Not all SaaS companies have equal margins. Today I wanted to go through each of our products and talk through net margins. It's useful to get a sense of what margins could look like. I also threw in a small productized service to compare it against.
Screenshot API - SaaS
Screenshot API did ~$1,250 last month. We've tripled it since we bought it, but this product in particular has high operating costs (servers). It cost us around $440 last month to run the service.
The problem is that taking these screenshots takes a lot of (cpu) time, and since we have it set up to autoscale, our costs increase with the number of requests.
We didn't catch this in diligence because through diligence we failed to understand some of the architectural shortcomings of the product.
Also, our primary growth channel for screenshot is google ads. This is also (obviously) expensive, but is actually still revenue positive for us. We can pull this lever up or down to help with costs but until we find a better channel, this one is going to stay.
So back to the numbers:
- Topline: $1,250
- Servers: $440
- Marketing: $250
- Net: ~$560
- Profit Margin: 44.8%
When you hear SaaS, you typically think 70-90% gross margins. That's not always the case. In this instance, we have particularly high costs to perform the service. That's both a technical problem (we can solve it with code) and also a business problem.
Toybox - SaaS
Toybox has been technically challenging for us. The codebase we bought was falling over itself and we've had to drop a lot of time and cash into fixing that. When we bought it, there were close to $2k in server costs hosting on Heroku (don't get me started on Heroku... it's like crack, feels good for a little while, but ultimately will kill you). We just moved it to Google and lo and behold looks like we'll be under $300 in hosting costs. A huge improvement. With the new server costs in mind let's take a look at the numbers.
- Topline: ~$6000
- Servers: $300
- Marketing: $0 - working on this!
- Net: ~$5500
- Profit Margin: 91.66%
Low 90's feels about right for this one. There are a lot of users, and a lot of rich media (images, etc) but ultimately the product is a simple bug reporting and feedback tool that isn't doing anything crazy on the back end.

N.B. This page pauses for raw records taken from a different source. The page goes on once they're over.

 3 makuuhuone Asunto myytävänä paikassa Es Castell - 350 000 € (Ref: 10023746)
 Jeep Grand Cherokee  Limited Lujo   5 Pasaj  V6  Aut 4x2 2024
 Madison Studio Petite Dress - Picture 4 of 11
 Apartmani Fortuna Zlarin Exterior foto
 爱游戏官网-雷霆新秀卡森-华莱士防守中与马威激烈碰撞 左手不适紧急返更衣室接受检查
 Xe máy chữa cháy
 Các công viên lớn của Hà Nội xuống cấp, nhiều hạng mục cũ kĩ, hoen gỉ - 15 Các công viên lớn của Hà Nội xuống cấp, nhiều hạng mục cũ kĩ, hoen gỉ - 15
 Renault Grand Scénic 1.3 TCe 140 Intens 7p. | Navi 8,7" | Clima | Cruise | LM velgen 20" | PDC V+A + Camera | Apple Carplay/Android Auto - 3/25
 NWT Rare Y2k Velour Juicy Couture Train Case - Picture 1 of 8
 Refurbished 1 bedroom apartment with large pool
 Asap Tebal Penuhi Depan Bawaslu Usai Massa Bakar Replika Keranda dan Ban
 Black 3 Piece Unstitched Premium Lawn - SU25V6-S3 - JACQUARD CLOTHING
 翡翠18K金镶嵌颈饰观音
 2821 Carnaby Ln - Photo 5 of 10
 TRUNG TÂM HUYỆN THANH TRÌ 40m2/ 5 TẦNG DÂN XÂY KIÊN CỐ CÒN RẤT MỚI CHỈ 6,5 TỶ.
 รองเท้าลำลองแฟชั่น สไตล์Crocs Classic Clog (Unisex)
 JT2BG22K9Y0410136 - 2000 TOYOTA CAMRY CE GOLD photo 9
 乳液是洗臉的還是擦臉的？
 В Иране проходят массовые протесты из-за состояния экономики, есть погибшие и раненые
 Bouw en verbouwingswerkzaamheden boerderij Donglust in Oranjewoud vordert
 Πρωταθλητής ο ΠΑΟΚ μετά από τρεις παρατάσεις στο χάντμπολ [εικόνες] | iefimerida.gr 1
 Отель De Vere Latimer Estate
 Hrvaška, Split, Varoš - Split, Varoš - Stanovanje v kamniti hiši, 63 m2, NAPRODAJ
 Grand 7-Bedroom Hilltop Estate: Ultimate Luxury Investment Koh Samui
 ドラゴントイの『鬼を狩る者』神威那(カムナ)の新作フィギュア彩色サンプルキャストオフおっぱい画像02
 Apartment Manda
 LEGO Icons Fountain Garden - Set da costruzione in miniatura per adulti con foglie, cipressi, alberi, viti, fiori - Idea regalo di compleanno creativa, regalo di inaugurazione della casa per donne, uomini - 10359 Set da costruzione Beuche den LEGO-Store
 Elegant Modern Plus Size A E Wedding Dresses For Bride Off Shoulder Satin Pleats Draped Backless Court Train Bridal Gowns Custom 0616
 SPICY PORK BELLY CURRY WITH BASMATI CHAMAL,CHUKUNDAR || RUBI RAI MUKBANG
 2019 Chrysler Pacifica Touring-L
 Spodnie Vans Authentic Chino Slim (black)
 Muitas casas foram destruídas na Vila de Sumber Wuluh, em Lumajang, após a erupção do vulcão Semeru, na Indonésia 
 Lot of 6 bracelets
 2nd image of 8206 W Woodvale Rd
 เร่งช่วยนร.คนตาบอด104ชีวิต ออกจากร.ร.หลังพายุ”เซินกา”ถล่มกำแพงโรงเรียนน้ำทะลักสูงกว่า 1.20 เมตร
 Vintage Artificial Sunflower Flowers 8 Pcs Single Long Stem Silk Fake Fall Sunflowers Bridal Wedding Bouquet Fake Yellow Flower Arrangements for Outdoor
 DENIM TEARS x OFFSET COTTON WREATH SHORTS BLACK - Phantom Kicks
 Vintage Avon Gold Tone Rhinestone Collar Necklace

We haven't figured out a decent marketing channel yet for toybox. We're a small team and generally only get to focus on one thing per company at a time, and since engineering was the biggest problem, we haven't really looked at growth yet. We'll be doing some experiments with Cold Email this month and can hopefully find some messaging that resonates.
Sheet.Best - SaaS
Sheet best is awesome. I keep using it for personal projects and it's so simple I kick myself for not having thought of this idea first... that's alright, we bought it instead.
Sheet best is growing like a week. We get ~100 new users a day. So far we've doubled it and really haven't done much in the way of marketing (lucky).
Let's take a look at the numbers:
- Topline: ~$1,200
- Servers: $40
- Marketing: $0 - working on this!
- Net: ~$1150
- Profit Margin: 95.83%
We've gotten lucky so far. This product gets written about and grows organically. It's the best, but it also might run out at any time and we're not prepared for solid outbound for it yet. Also the servers could use a little beefing up before we'd be ready to double again, but for now sheet best just keeps chugging along.
Cold Email Studio - Productized Service
I also have a little marketing agency. Let's take a look at those numbers just to put things into perspective:
- Topline: ~$20,150
- Servers: $0
- Marketing: $0
- Other Costs: $500
- People: $12000
- Net: ~$7650
- Profit Margin: 37.9%
A few things could be misleading here. Our topline includes our regular MRR plus we sold a quarterly plan so actually that money can't all be recognized as profit since I have to pay wages against it in the future. We do our own outbound stuff so that's zero, but still, that cost is baked in to our people cost.
There are plenty of industries that would kill for a ~40% margin. But compared to even a 'Bad' SaaS, the margins are still low. This doesn't mean it's a bad business. It's a great little business that I have no doubt will reach $1M ARR next year.
I wanted to put this in here to give you some real numbers against real companies. It's not necessarily a bad thing to have lower margins. You might, for example, be able to make it up in volume. Different margins just mean a different kind of business.
Profit margins even amongst SaaS companies can be wildly different. I often point friends to read The New Business of AI to see just how hard it can be to build an AI SaaS with margins that look similar to 'traditional' SaaS apps (like Toybox). That's been my experience too, my last co was a machine learning SaaS that had much lower than 90% margins. Functionally, the margins looked much more like a service company than a SaaS company.
Overall though the margin doesn't matter that much without the context of volume. Low margin high volume can be = to high margin low volume. So take these numbers with a grain of salt, but it's always nice to look at real numbers just to be aware of what kind of business you actually have.